What to produce
The expected output is the full data, repeated exactly, without pictures.

Data to process
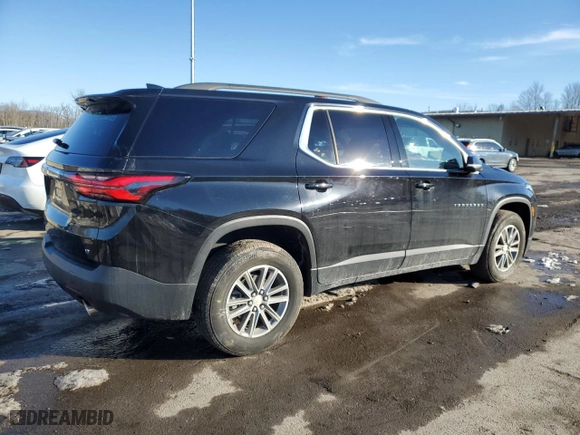 2023 Chevrolet Traverse LT Cloth with VIN 1GNEVGKW8PJ223934, listed as a Copart auction lot 45477675 with 11,531 mi miles and Salvage Title. Bid and sale history available at carsss.com. Image 3.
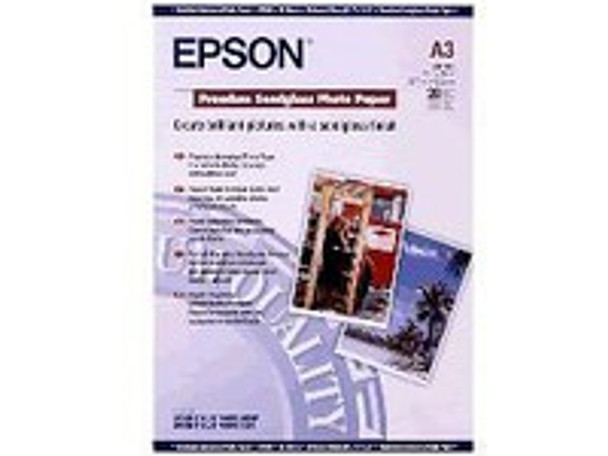 Epson C13S041334 A3 Premium Semigloss Photo C13S041334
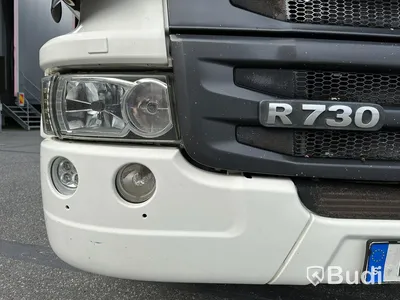 Lastbil Scania V8 R520 6x2 med Hiab lastväxlare 18T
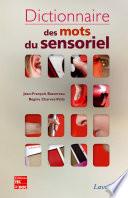 Dictionnaire des mots du sensoriel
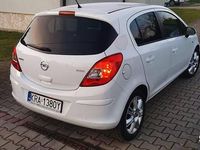 Używany Opel Corsa 86 KM (63 kW) 2012 Biały Hatchback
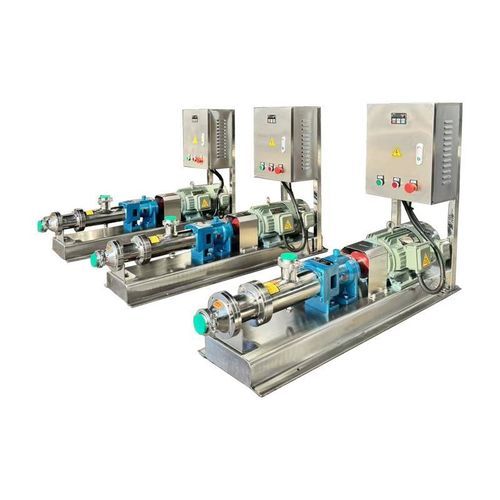 pompa a vite - ZHEJIANG XINGSHENG MACHINERY CO.,LTD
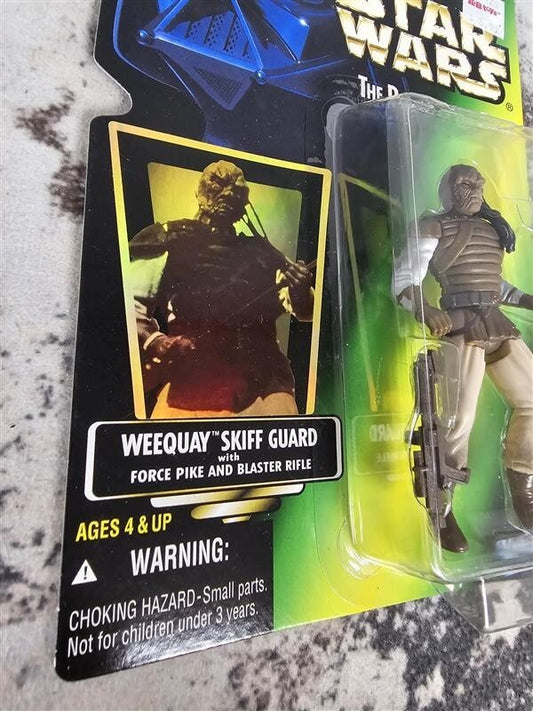 1996 Hasbro Kenner Star Wars The Power Of The Force Weequay Skiff Guard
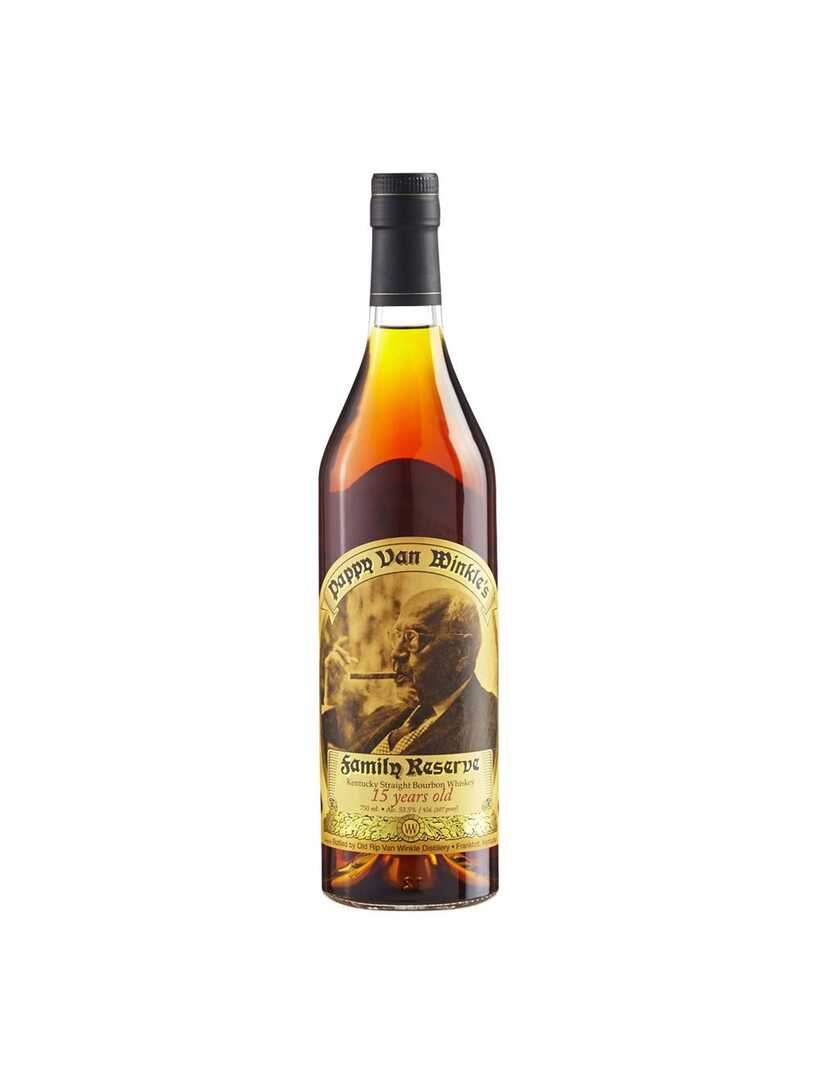 Pappy Van Winkle’s – 15 Years Old 750mL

Exercise solution
 2023 Chevrolet Traverse LT Cloth with VIN 1GNEVGKW8PJ223934, listed as a Copart auction lot 45477675 with 11,531 mi miles and Salvage Title. Bid and sale history available at carsss.com. Image 3.
 Epson C13S041334 A3 Premium Semigloss Photo C13S041334
 Lastbil Scania V8 R520 6x2 med Hiab lastväxlare 18T
 Dictionnaire des mots du sensoriel
 Używany Opel Corsa 86 KM (63 kW) 2012 Biały Hatchback
 pompa a vite - ZHEJIANG XINGSHENG MACHINERY CO.,LTD
 1996 Hasbro Kenner Star Wars The Power Of The Force Weequay Skiff Guard
 Pappy Van Winkle’s – 15 Years Old 750mL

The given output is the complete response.